Skip to content

relayfile: long-lived operator session tokens (1-hour TTL too short for unattended mount + ad-hoc CLI writebacks) #284

@khaliqgant

Description

@khaliqgant

Problem

The relayfile delegated-token mint flow (POST /api/v1/workspaces/<id>/relayfile/delegated-token/v1/tokens/workspace-path) issues credentials with a 1-hour expiresIn (MAX_RELAYFILE_DELEGATED_TOKEN_TTL_SECONDS = 60 * 60 in cloud/packages/web/lib/relayfile-delegated-token-contract.ts:29). Every operator-facing flow that uses these credentials hits friction:

  • The mount daemon's stored creds.json is exactly that 1-hour token.

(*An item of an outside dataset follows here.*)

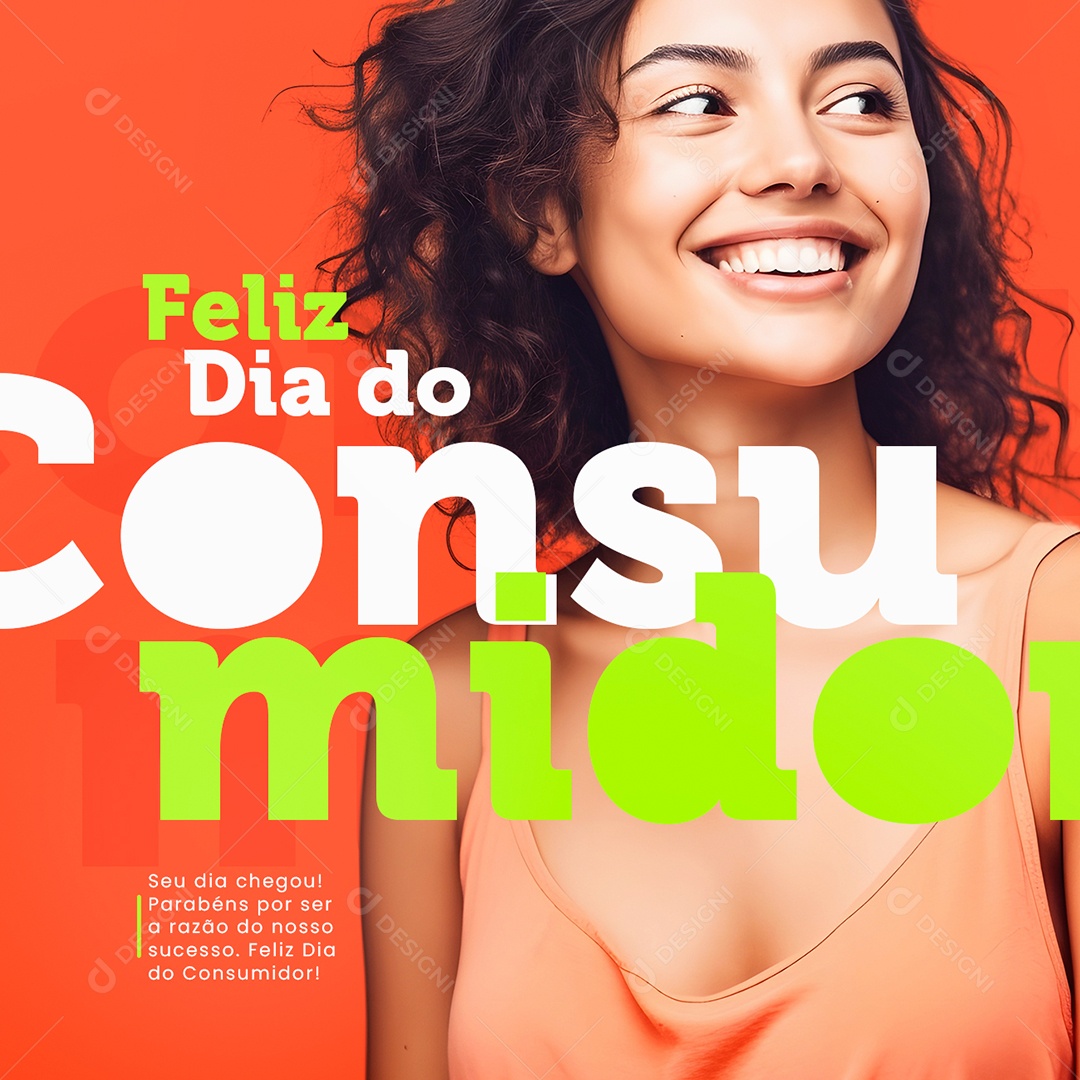 Feliz Dia do Consumidor 15 de Março seu dia chegou parabéns Social Media PSD Editável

Verified 2026-06-15 by decoding the JWT in ~/.agentworkforce/pear/relayfile/workspaces/.../linear/issues/.relay/creds.jsoniat: 10:56 UTC, exp: 11:56 UTC. If the daemon isn't running continuously through its sync cycle, the token expires before any one-shot CLI invocation (relayfile-mount -flush-outbox-once, relayfile pull) can use it → 401 wedge.
  • relayfile writeback push auto-refreshes per-invocation, but the underlying mint is the same short TTL. So each push round-trip pays a fresh mint cost (network + RelayAuth API call + cloud-route handling). For an operator iterating on factory-create writebacks this is noticeable.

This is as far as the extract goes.